Songs from Extrasolar Spaces: Music Inspired by TESS
Tuesday, July 30, 2019
8:00-8:30pm: Public Lecture
George Ricker, TESS Principal Investigator; Sara Seager, TESS Deputy Director of Science; and Natalia Guerrero, TESS TOI Manager
8:30-9:00pm: Program of music by Lorelei Ensemble
Featuring world premieres of new works by John Harbison and Elena Ruehr
Free and open to the public, but tickets are required: Reserve tickets here
Kresge Auditorium, MIT Building W16, 48 Massachusetts Avenue, Cambridge, MA
Space has long fascinated poets, physicists, astronomers, and sci-fi writers. Musicians too have often found beauty and meaning in the skies above. On July 30, at MIT’s Kresge Auditorium, a group of composers and musicians will render visions from space in a concert titled Songs from Extrasolar Spaces. Featuring Boston’s Lorelei Ensemble—a Boston-based women’s choir—the concert will include premieres by MIT composers John Harbison and Elena Ruehr, along with compositions by Meredith Monk and Molly Herron. All the music is inspired by discoveries in astronomy.

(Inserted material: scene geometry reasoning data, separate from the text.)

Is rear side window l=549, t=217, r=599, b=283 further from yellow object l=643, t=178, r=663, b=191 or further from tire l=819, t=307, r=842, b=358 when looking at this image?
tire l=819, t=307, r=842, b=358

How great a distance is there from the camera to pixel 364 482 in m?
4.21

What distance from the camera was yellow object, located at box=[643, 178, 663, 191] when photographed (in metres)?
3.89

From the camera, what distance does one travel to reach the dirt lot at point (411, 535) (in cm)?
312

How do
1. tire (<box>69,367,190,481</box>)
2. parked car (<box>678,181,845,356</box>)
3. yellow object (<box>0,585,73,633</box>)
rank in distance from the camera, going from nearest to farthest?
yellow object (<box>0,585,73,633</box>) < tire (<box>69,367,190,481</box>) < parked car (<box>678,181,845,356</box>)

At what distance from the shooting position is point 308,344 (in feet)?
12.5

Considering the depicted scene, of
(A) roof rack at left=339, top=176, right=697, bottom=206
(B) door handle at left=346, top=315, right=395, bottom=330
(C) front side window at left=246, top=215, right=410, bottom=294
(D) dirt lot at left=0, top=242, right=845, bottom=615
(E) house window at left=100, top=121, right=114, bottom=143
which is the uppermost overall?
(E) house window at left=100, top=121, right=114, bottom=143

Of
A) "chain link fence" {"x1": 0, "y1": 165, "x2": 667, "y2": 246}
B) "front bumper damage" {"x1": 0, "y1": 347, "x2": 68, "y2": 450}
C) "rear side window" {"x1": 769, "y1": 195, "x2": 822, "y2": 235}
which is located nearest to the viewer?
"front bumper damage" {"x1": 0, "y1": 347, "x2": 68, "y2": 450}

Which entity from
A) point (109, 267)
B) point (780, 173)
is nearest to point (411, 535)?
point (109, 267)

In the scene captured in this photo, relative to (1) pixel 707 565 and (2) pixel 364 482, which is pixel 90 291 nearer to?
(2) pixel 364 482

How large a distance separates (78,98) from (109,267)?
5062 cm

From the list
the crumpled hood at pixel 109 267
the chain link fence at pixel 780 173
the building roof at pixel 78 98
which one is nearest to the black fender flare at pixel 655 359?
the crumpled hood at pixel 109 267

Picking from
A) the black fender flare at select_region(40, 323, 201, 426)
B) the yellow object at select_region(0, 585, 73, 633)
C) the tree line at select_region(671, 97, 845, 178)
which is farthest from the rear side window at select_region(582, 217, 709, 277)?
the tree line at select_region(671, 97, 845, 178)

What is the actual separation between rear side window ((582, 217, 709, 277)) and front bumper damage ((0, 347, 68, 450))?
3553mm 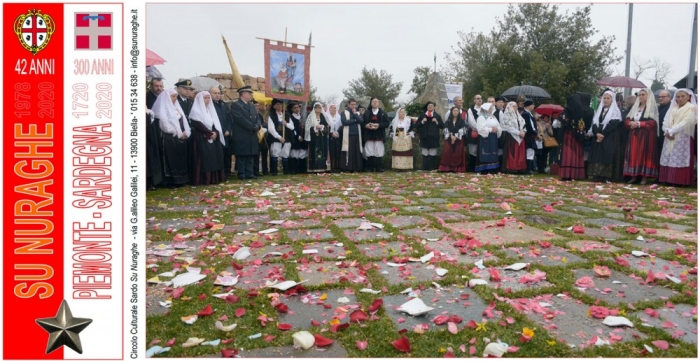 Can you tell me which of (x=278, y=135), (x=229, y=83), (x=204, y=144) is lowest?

Songs from Extrasolar Spaces is part of an MIT conference on TESS—the Transiting Exoplanet Survey Satellite. Launched in April 2018, TESS is an MIT-led NASA mission that scans the skies for evidence of exoplanets: bodies ranging from dwarf planets to giant planets that orbit stars other than our sun. During its two-year mission, TESS and its four highly-sensitive cameras survey 85% of the sky, monitoring more than 200,000 stars for the temporary dips in brightness that might signal a transit—the passage of a planetary body across that star.
“There is a feeling you get when you look at these images from TESS,” says Ruehr, an award-winning MIT faculty member and former Guggenheim Fellow. “A sense of vastness, of infinity. This is the sensation I tried to capture and transpose into vocal music.”
Supported by the MIT Center for Art, Science & Technology’s Fay Chandler Creativity Grant, MIT Music and Theater Arts, and by aerospace and technology giant Northrop Grumman, which also built the TESS satellite, the July 30 concert is the brainchild of Natalia Guerrero. The conference and concert coincide with the 50th anniversary of the Apollo 11 moon landing–another milestone in the quest to chart the universe and Earth’s place in it.